NEW YORK (Reuters) - Oscar-winning actress Patricia Neal, whose life was marred by tragedy, has died at the age of 84, her family said.
The husky-voiced Neal won an Academy Award for her role in the 1963 film “Hud” alongside Paul Newman and boasted a long list of stage, film and TV credits alongside Hollywood’s leading men including Ronald Reagan, John Wayne and Tyrone Powers.
“She faced her final illness as she had all of the many trials she endured: with indomitable grace, good humor, and a great deal of her self-described stubbornness,” the family said in a statement.
It added that Neal died on Sunday morning at her home on Martha’s Vineyard surrounded by relatives. She had been suffering from lung cancer, according to media reports.
Neal once had a love affair with actor Gary Cooper with whom she starred in “The Fountainhead” and “Bright Leaf” but it ended in disaster after his wife found out, leaving Neal broken-hearted, according to an obituary in the LA Times.
She was married to the British writer Roald Dahl for 30 years with whom she had five children.
Their son, however, suffered severe injuries after being hit by a taxi when he just four months old and their oldest child, daughter Olivia, died at the age of 7 from measles.
When Neal was pregnant with their fifth child in 1965 she suffered three massive strokes and was in a coma for three weeks.
But with the help of her husband, she recovered and gave birth to a healthy daughter Lucy and returned to films, acting in “The Subject Was Roses.”
“I think I was born stubborn, that’s all,” Neal said in a biography on the website of the Patricia Neal Rehabilitation Center that was dedicated in her honor in 1978 by the Fort Sanders Regional Medical Center in Knoxville, Tennessee.
She was raised in Knoxville where her parents gave her acting lessons as a Christmas present when she was 12.
She headed to New York after two years at Northwestern University and summer theater work in Pennsylvania to start a career on the stage that led her to Hollywood -- and into many real-life tragedies.
“I almost died many times from broken hearts - when my daughter Olivia died, when my baby son Theo was hit by a car, and when I had my strokes.
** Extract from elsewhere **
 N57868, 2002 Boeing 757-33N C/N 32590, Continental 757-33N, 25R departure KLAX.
There were many who didn’t think I would pull through,” said Neal in her biography.
“I had to have an operation that lasted seven hours, and I know very well my doctor thought I would conk out in the middle of it; but as I told him later, we Tennessee hillbillies don’t conk that easy, so I stayed alive.”
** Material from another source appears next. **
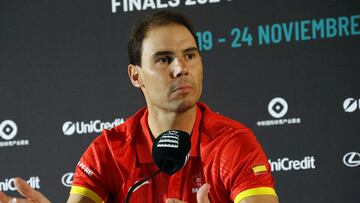 El tenista español Rafa Nadal atiende junto al equipo de España a los medios de comuniación antes de las Finales de Copa Davis de Málaga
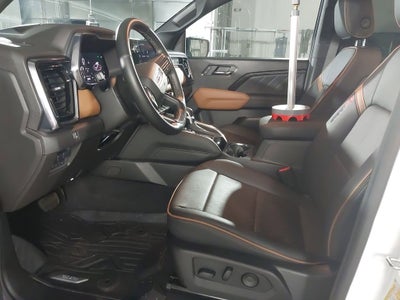 2025 GMC Canyon AT4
Neal’s marriage to Dahl ended after 30 years in 1983 after the writer had an affair with one of her friends and she moved from England to the United States where she split her time between New York and Martha’s Vineyard.
But she continued to act, appearing with Glenn Close in the movie “Cookie’s Fortune” in 1999 and was featured in Lifetime’s television movie “Flying By” with Billy Ray Cyrus in 2009.
Neal wrote in her biography on the Patricia Neal Rehabilitation Center website that growing old was no fun.
“I’ve learned many lessons in life, but the most important is this - be tenacious and determined, even in old age,” said Neal.
“I don’t like getting older. I thought I would, but it has turned out differently than I expected. Lately I’ve had both my shoulder and my knee replaced. So, what should I be happy about? I’ll tell you - it is nice to be able to get these things fixed!”